All right, I really tried to keep my analysis relatively serious, but I just can’t anymore. The poem so far has been pretty general, not existing in a specific place, but now suddenly we’re transported in “this town,” where we have supposedly been all along, and which is supposedly familiar to us as readers, because she refers to it as this town and not a town and because we’ve driven down its roads many times before. I’ve also got to presume Taylor Swift does not have access to a thesaurus, considering she used the word “road” twice in the first half of the stanza. But none of that really matters, because here we arrive (no thanks to this hypothetical car we are supposedly driving) at the moral of the poem: “The trick to holding on” (to your sanity, to life, to your self-respect, I presume?) “Was all that letting go” (of the ones who hurt you, the ones you outgrow, people whose phone numbers you don’t answer anymore, etc.). The message of the poem is so simple and clearly stated, I wonder why we bothered with stanzas two and three at all. What did they add, other than a general sense of confusion and more fuel to Taylor’s own sense of self-importance?
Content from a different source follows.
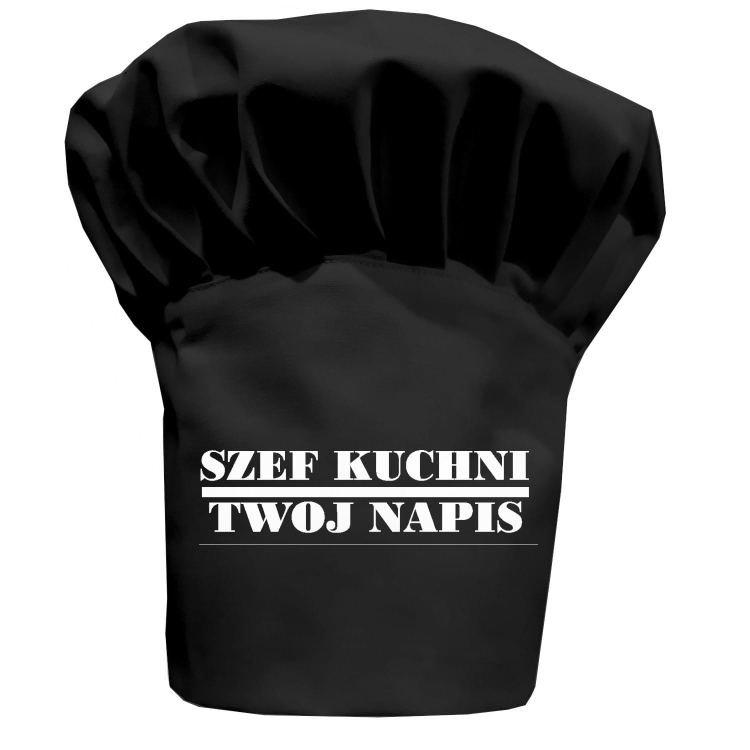 Černá kuchařská čepice Master Chef s tvým nápisem.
This whole thing reads as a high schooler’s diary entry. We’ve got some moments of decent imagery (“lustrous net”, “hedge-maze life”, “moonlight swims”, even “blazing self-respect” isn’t bad), but most of this consists of straightforward, declarative sentences. All in all it becomes clear that the “new Taylor” is basically all of us in our high school emo phase. Frankly, it’s a little embarrassing. Ginger Foutley wrote a better poem in middle school. Hopefully, like all of us post-Panic! At The Disco obsession, Taylor can look back on this phase later on in life and laugh.